[What the task asks] Within the records below, find the line with "Straight on view" and the line with "A snowy landscape", then reproduce exactly those two lines and all lines between them, without any picture.
[Listed entries Boundary: Start]
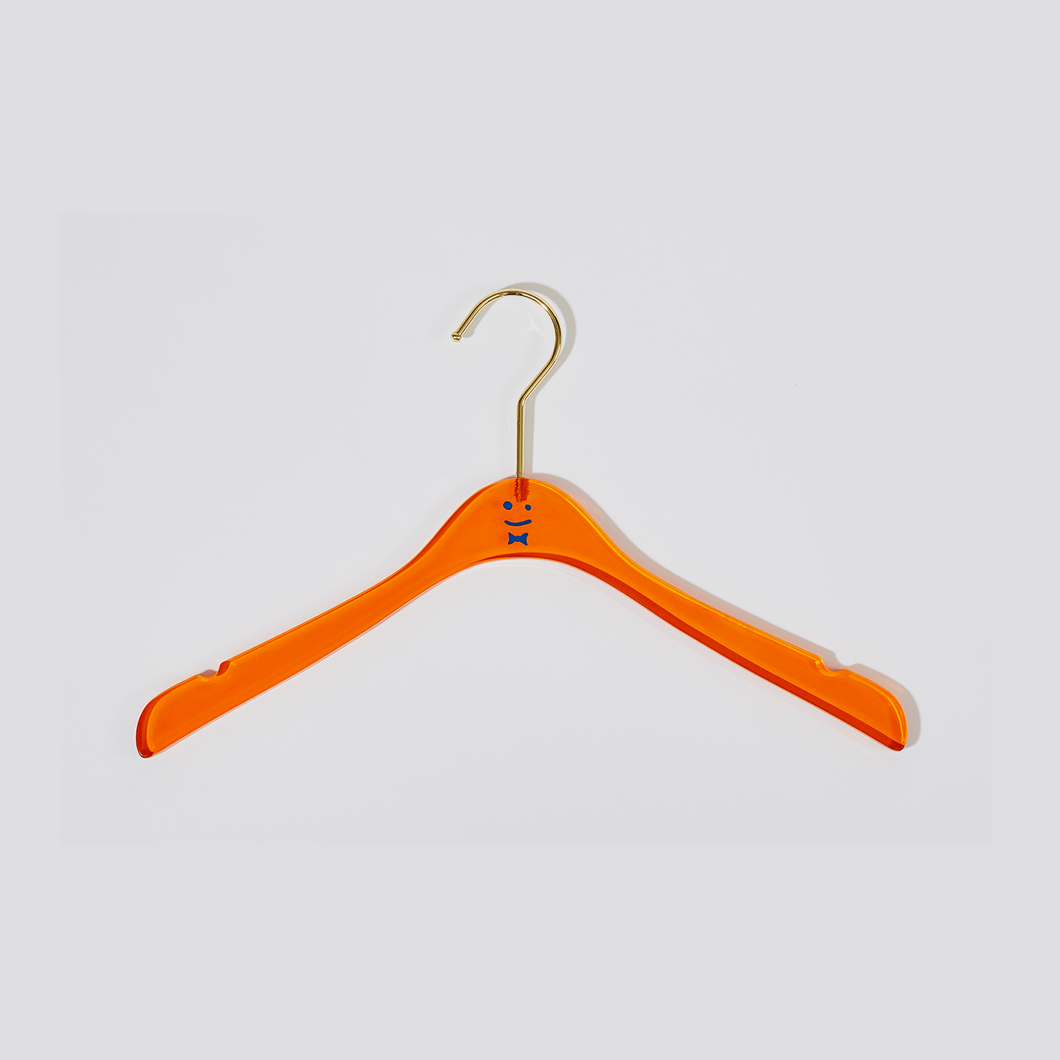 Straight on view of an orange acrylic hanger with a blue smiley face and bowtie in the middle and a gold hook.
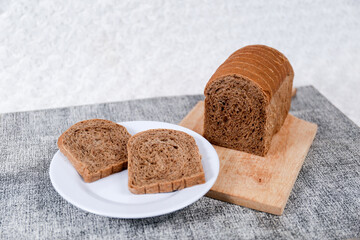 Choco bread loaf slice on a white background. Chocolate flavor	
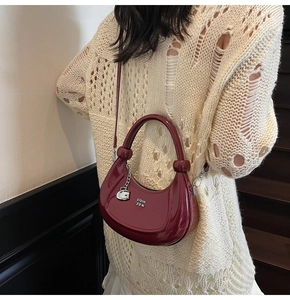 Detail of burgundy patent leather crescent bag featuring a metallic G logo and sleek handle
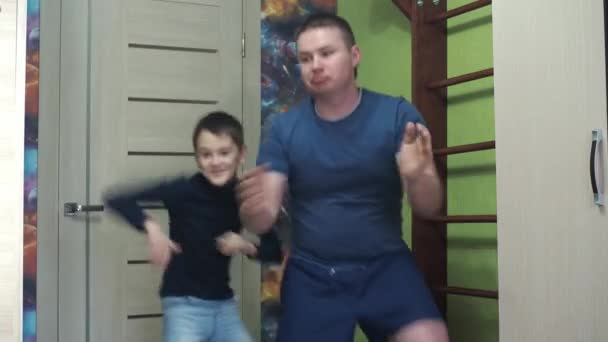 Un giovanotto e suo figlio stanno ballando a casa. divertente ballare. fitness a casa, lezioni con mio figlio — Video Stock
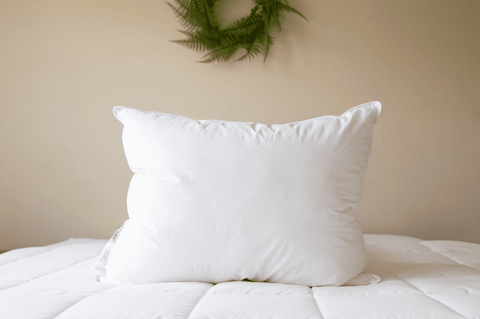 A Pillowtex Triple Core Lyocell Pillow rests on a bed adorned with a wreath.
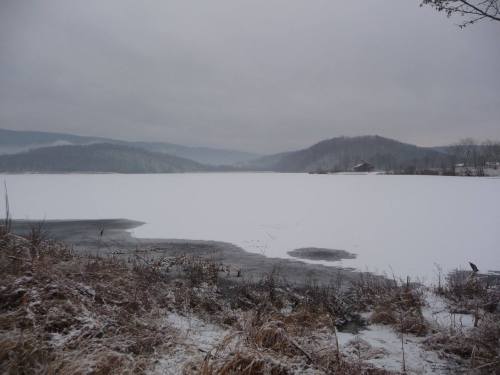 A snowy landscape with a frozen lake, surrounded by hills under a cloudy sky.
[Listed entries Boundary: End]
[Listed entries Boundary: Start]
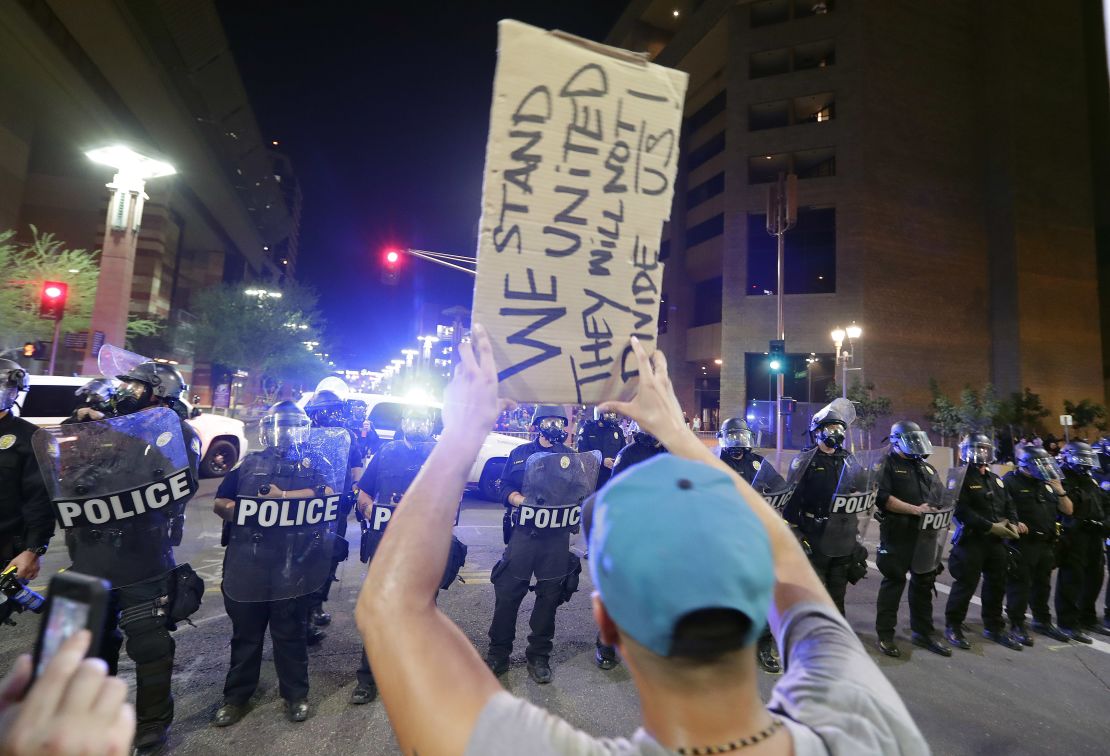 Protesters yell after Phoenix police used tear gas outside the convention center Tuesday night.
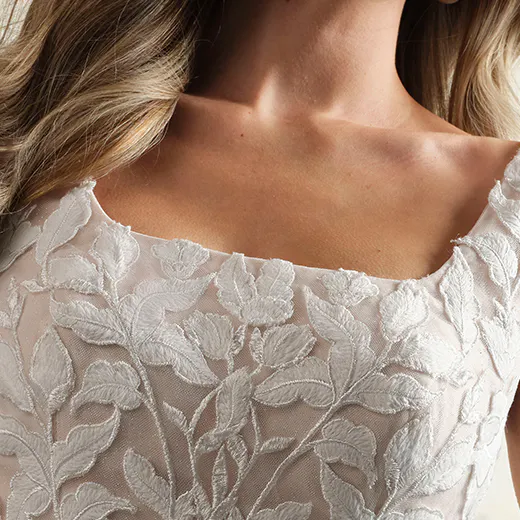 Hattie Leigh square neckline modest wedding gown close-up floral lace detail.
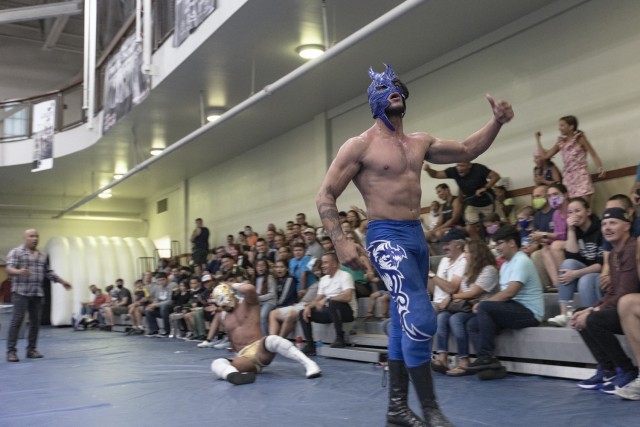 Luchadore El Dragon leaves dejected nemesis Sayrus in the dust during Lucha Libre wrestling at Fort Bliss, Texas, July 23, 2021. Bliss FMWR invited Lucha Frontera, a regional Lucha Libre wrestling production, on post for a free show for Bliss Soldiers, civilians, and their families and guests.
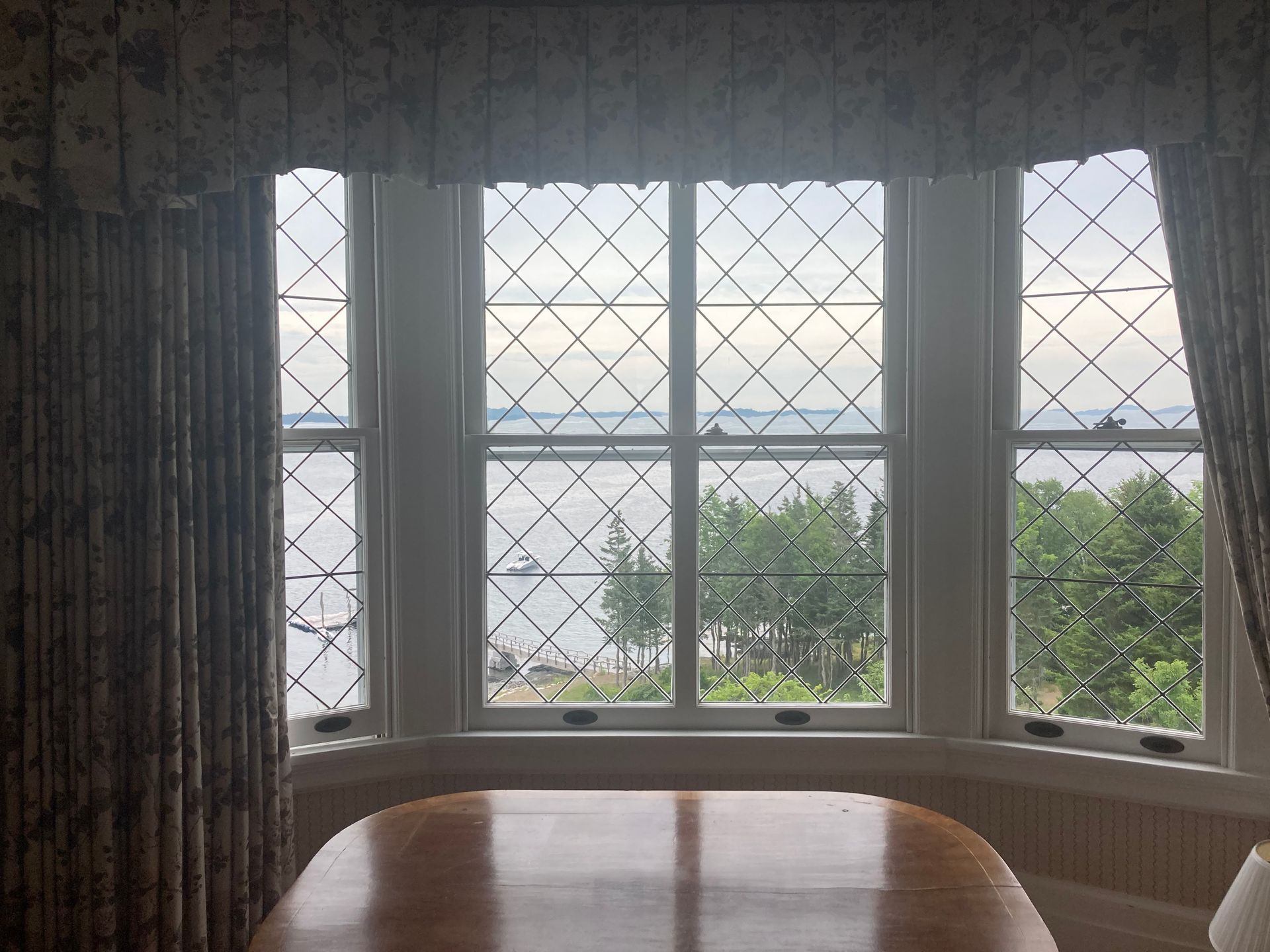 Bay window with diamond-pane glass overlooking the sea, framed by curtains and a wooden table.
[Listed entries Boundary: End]
[Answer box]
 Straight on view of an orange acrylic hanger with a blue smiley face and bowtie in the middle and a gold hook.
 Choco bread loaf slice on a white background. Chocolate flavor	
 Detail of burgundy patent leather crescent bag featuring a metallic G logo and sleek handle
 Un giovanotto e suo figlio stanno ballando a casa. divertente ballare. fitness a casa, lezioni con mio figlio — Video Stock
 A Pillowtex Triple Core Lyocell Pillow rests on a bed adorned with a wreath.
 A snowy landscape with a frozen lake, surrounded by hills under a cloudy sky.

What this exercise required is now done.